Data supplied:
____
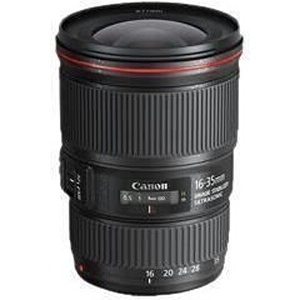 Objectif zoom Canon EF 16-35MM F/4L IS USM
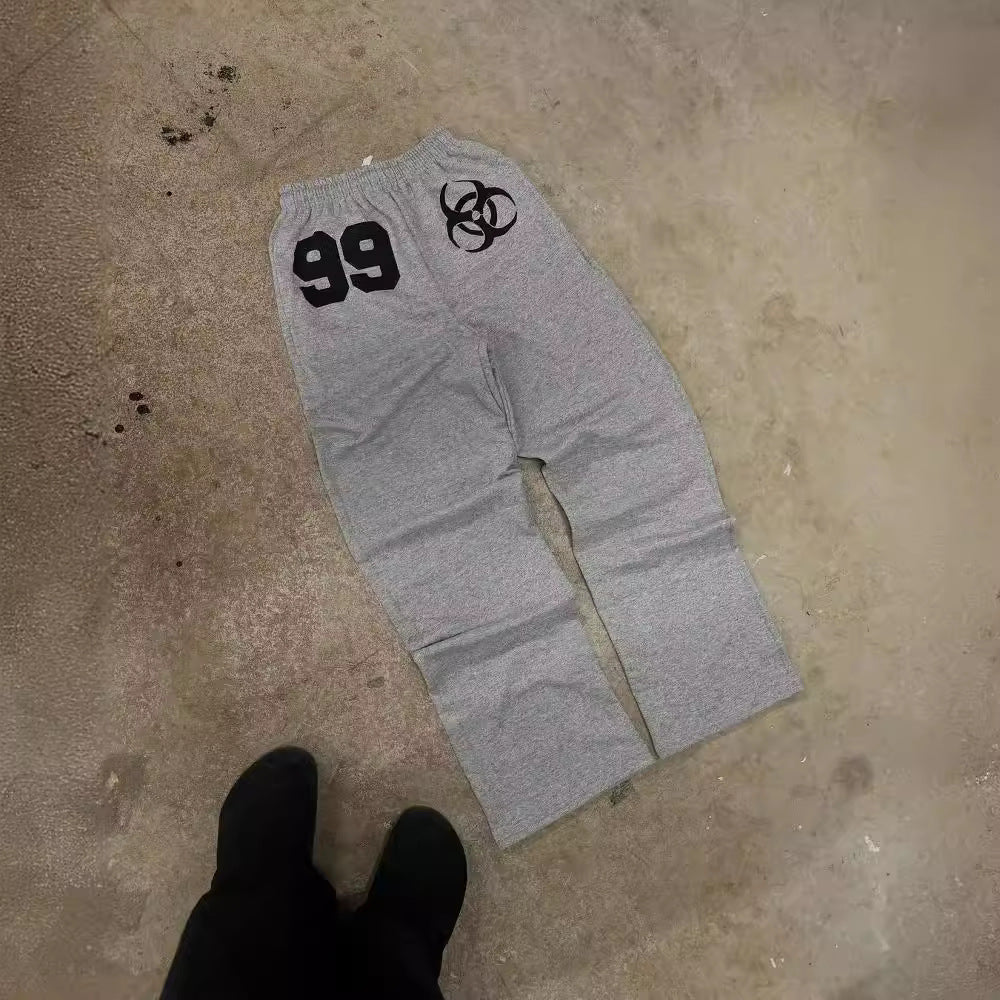 Damen Sweathose Biohazard-Design Baumwolle Bequem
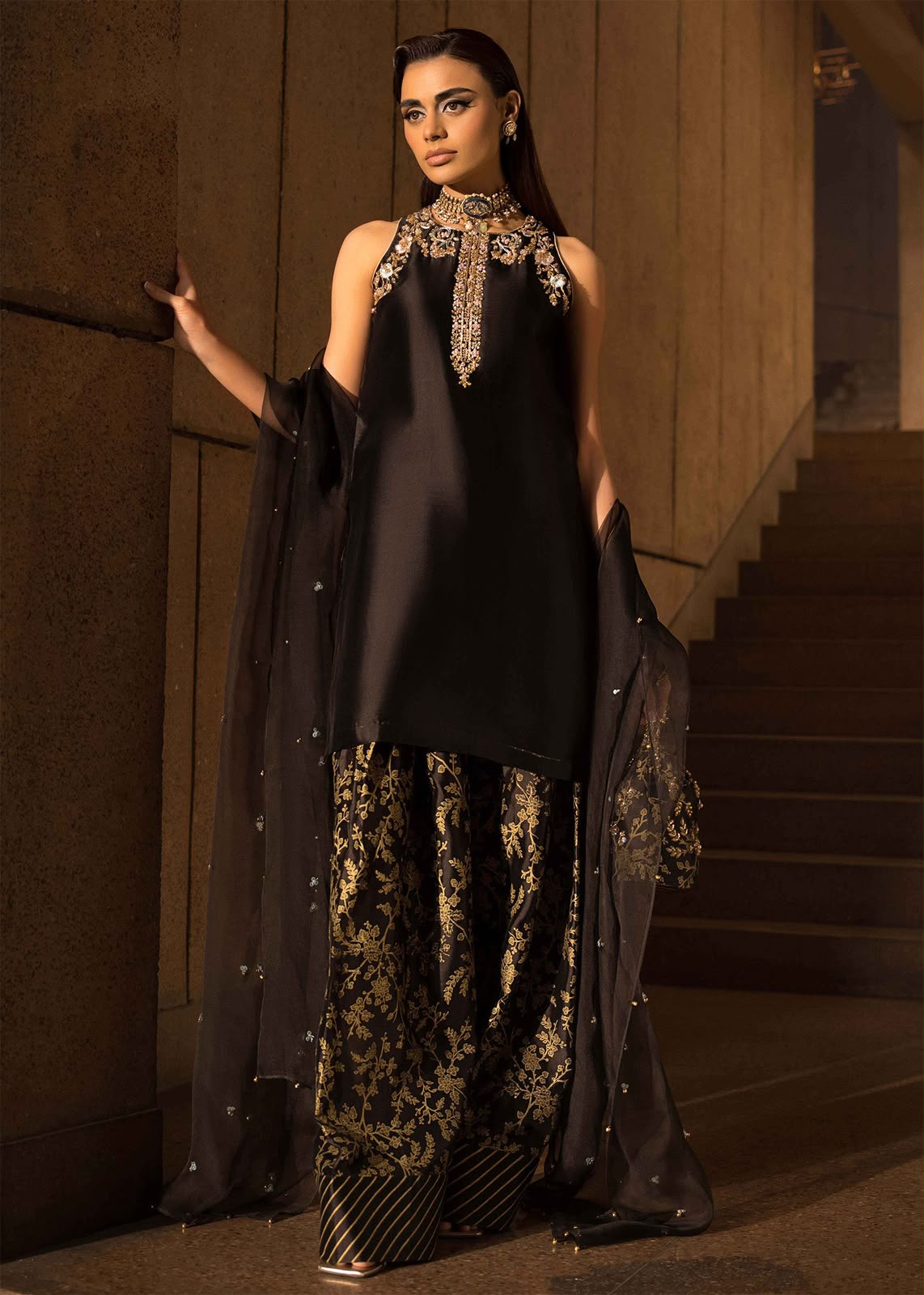 JAZMINE PREMIUM HIGH QUALITY SHAMOZ SILK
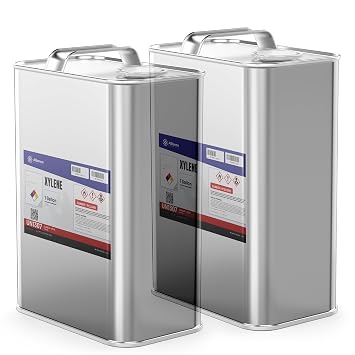 Alliance Chemical Xylene - 2 Gallon Case - Technical Grade Solvent for Cleaning, Surface Prep, Coating Work, and General Use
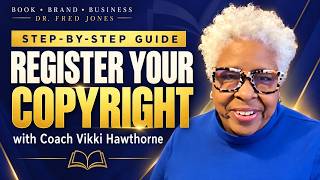 How to Register Your Book’s Copyright | Step-by-Step eCO Guide with Coach Vikki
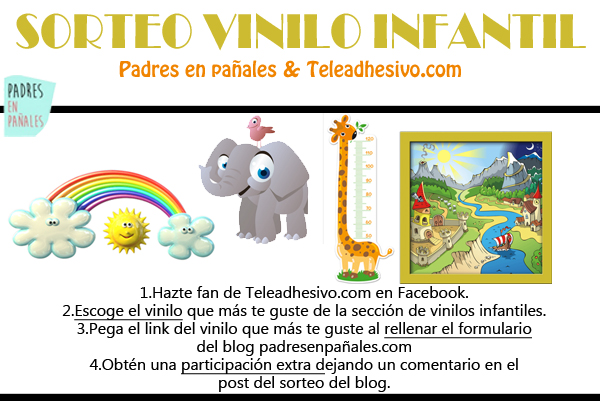 sorteo vinilo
____
What to do:
Exclude the pictures, and output exactly the lines from the one with "How to Register" through the last line of the records, both included.

Output of the task:
 How to Register Your Book’s Copyright | Step-by-Step eCO Guide with Coach Vikki
 sorteo vinilo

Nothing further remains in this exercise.